1

I am new to elasticsearch. I have an Elasticsearch index of about 300,000 items. For each of the 60 million records in another table, I need to make a complex query to this ES index.

Right now, it is extremely slow (making 1000 queries would take 200 seconds). I need advice on how to configure my elasticsearch cluster to handle a large volume of queries.

My server:

8 core
8GB ram
SSD Hardware

I want to config elasticsearch to handle 1000 concurrent search requests from ruby. (I want to search 1000 items in parallel).

I have try with the default config

I think by default, elasticesearch can only handle about 10-20 concurrent search request. It use little cpu and ram. Therefore, I think I could improve it.

I could only run 100 threads from ruby to search 1000 items and it takes about 200 seconds.
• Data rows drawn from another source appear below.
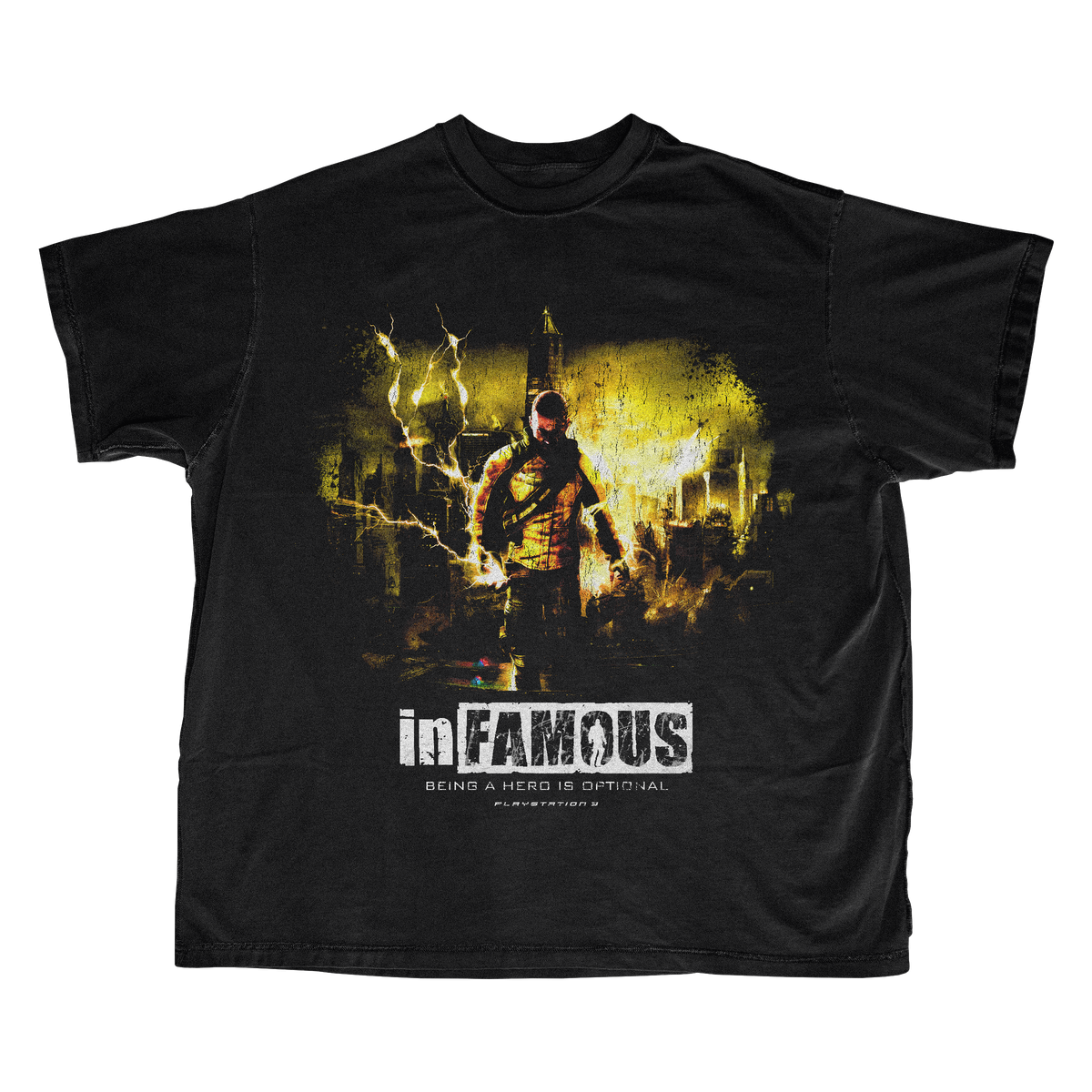InFAMOUS Cole MacGrath Retro A - Retro Gaming Aesthetic reseña y precio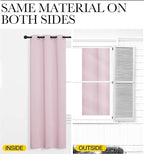 NICETOWN Baby Pink Blackout Curtains 90 inches Length - Image 5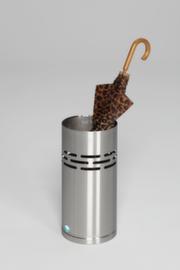 Waste bin and umbrella stand made of stainless steel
If I increase to 1000 threads from ruby, ES returns timeout error message.

I run a master node with

ES_HEAP_SIZE=2G

indices.fielddata.cache.size: 1g 

threadpool:   
   search:
      type: fixed
      size: 200
      queue_size: 400

shares: 5 

replicas: 1

Running 100 threads from ruby to search 1000 items still takes 200s.

I add 3 new nodes as data nodes on this server.

Running 100 threads from ruby to search 1000 items still takes 200s or more.

I google and read from some posts. People say that create more shards will make search become slow.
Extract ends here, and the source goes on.